The final subtest result is the average access time. During a trace playback in PCMark 10, the start and end time is measured for each I/O. So, the average access time is derived from the end time of an I/O subtracted from the start time of that operation. The Crucial P5 1TB drive had an average access time of 116 microseconds.
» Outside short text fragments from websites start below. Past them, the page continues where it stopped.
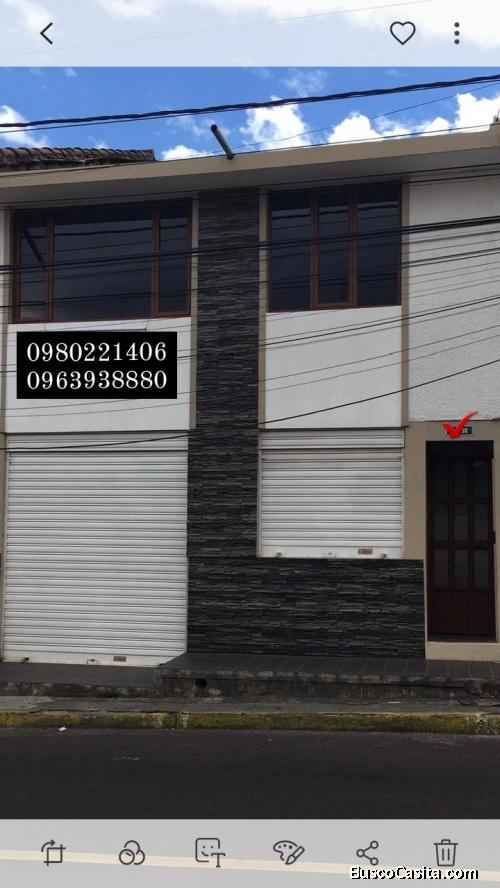 CASA CON LOCAL COMERCIAL 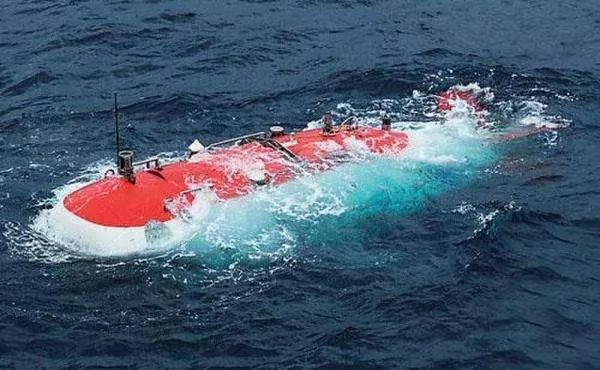 向女生表白她会紧张吗,跟她表白她很犹豫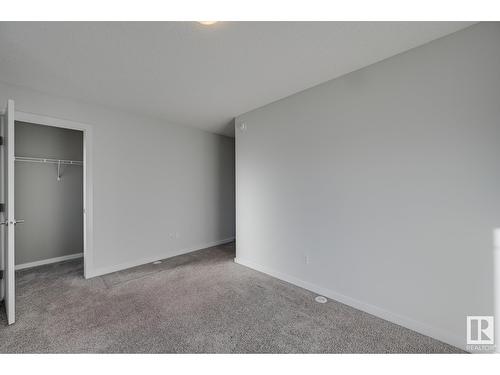 #6 2215 24 St Nw, Edmonton, AB - Indoor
PCMark 10 – Quick System Drive Benchmark Results:
The second and final test that we will be running is the PCMark 10 Quick System Drive Benchmark. The Quick System Drive Benchmark is a shorter test with a smaller set of less demanding real-world traces. This benchmark is better suited for testing entry performance level and lower capacity drives in less demanding use scenarios. The benchmark is designed to measure the performance of small system drives from traditional spinning drives (HDDs) at the low end and entry-level PCI Express SSDs at the high end. The Quick System Drive Benchmark uses 6 traces, running 3 passes with each trace. Three of the traces involve copying JPEG images and the other three use Microsoft Excel, Adobe Illustrator, and Adobe Photoshop. It typically takes 20 minutes to run and the number of bytes written to the drive during test with default settings is 23 GB.
On this lighter workload the Crucial P5 1TB drive moves up a performance spot and does better than the Intel SSD 665p 1TB SSD with QLC NAND Flash.
In the PCMark 10 quick storage drive benchmark bandwidth test the Crucial P5 1TB scored 224.7 MB/s.
The average access time on the Crucial P5 1TB was 70 microseconds on the quick system drive benchmark workload.